Para resumir os resultados do estudo, Sharma propõe um cenário hipotético: três usuários do ChatGPT perguntam sobre a antiga disputa de fronteira entre a Índia e a China. Um usuário de língua hindi veria respostas moldadas por fontes indianas, enquanto um usuário de língua chinesa receberia respostas que refletiam apenas as perspectivas chinesas.
"Mas digamos que haja um usuário que fala árabe e não haja documentos em árabe sobre este conflito", diz Sharma. "Esse usuário receberá respostas da perspectiva do inglês americano, porque esse é o idioma com mais recursos disponíveis. Portanto, os três usuários terão entendimentos completamente diferentes do conflito."
Como resultado, os pesquisadores rotulam os atuais LLMs multilíngues como "falsos poliglotas" que não conseguem quebrar as barreiras linguísticas, mantendo os usuários presos em bolhas de filtros baseadas na linguagem.
"As informações às quais você é exposto determinam como você vota e as decisões políticas que toma", diz Sharma. "Se quisermos transferir o poder para as pessoas e permitir que tomem decisões informadas, precisamos de sistemas de IA capazes de mostrar a elas toda a verdade sob diferentes perspectivas. Isso se torna especialmente importante ao cobrir informações sobre conflitos entre regiões que falam línguas diferentes, como as guerras entre Israel e Gaza e entre a Rússia e a Ucrânia — ou mesmo as tarifas entre a China e os EUA."
Para mitigar essa disparidade de informações nos LLMs, a equipe de Hopkins planeja construir um benchmark dinâmico e conjuntos de dados para ajudar a orientar o desenvolvimento futuro de modelos. Ao mesmo tempo, incentiva a comunidade de pesquisa em geral a analisar os efeitos de diferentes estratégias de treinamento de modelos, combinações de dados e arquiteturas de geração de recuperação aumentada. Os pesquisadores também recomendam coletar perspectivas diversas de vários idiomas, emitir alertas aos usuários que possam estar adotando o comportamento de consulta-resposta confirmatória e desenvolver programas para aumentar a alfabetização informacional em torno da busca conversacional, a fim de reduzir a confiança excessiva e a dependência excessiva nos LLMs.

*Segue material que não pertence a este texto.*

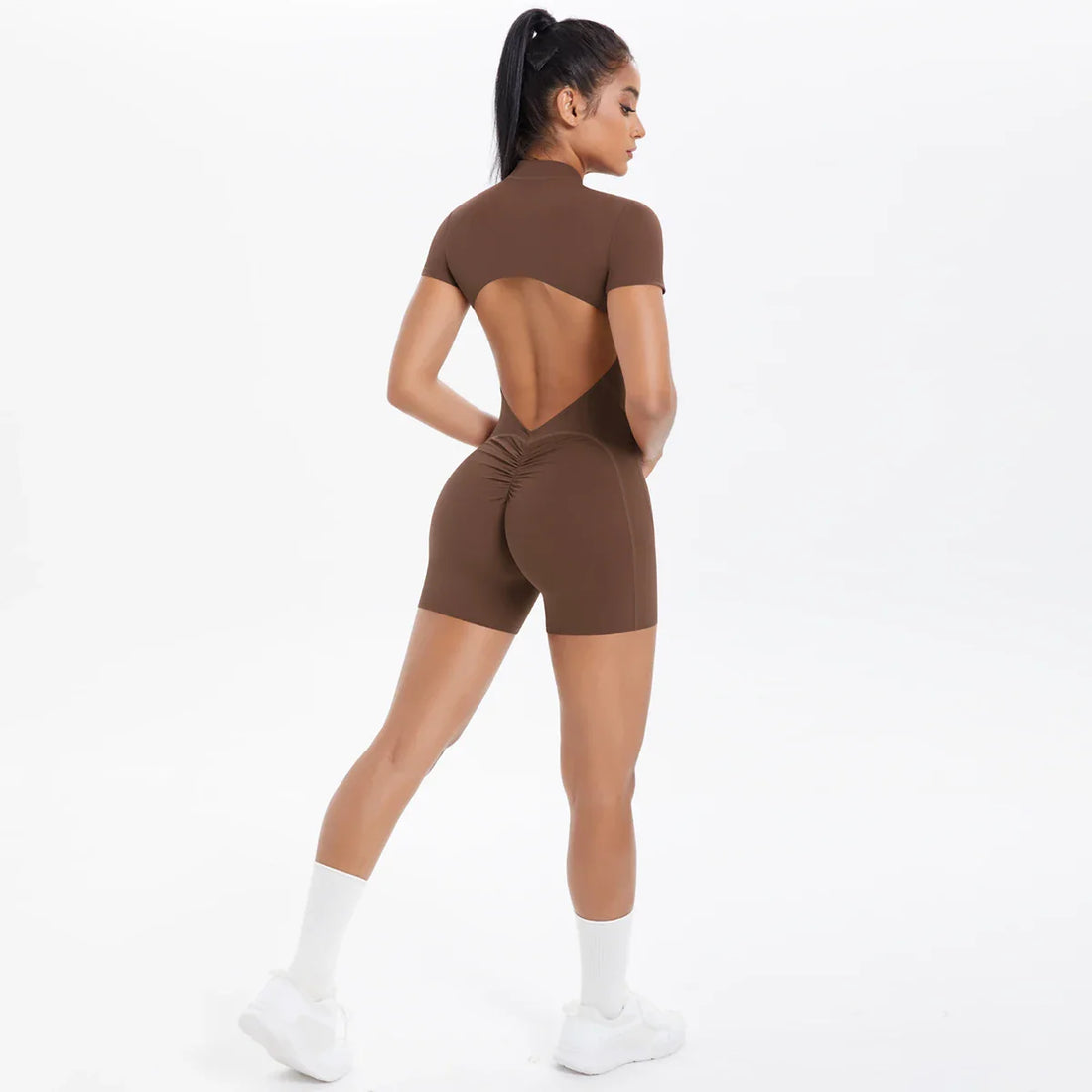 FlexiFit Backless Zip Jumpsuit – Women’s Yoga Wear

"O poder concentrado sobre as tecnologias de IA apresenta riscos substanciais, pois permite que alguns indivíduos ou empresas manipulem o fluxo de informações, facilitando a persuasão em massa, diminuindo a credibilidade desses sistemas e exacerbando a disseminação de desinformação", afirma Sharma. "Como sociedade, precisamos que os usuários obtenham as mesmas informações, independentemente de seu idioma e origem."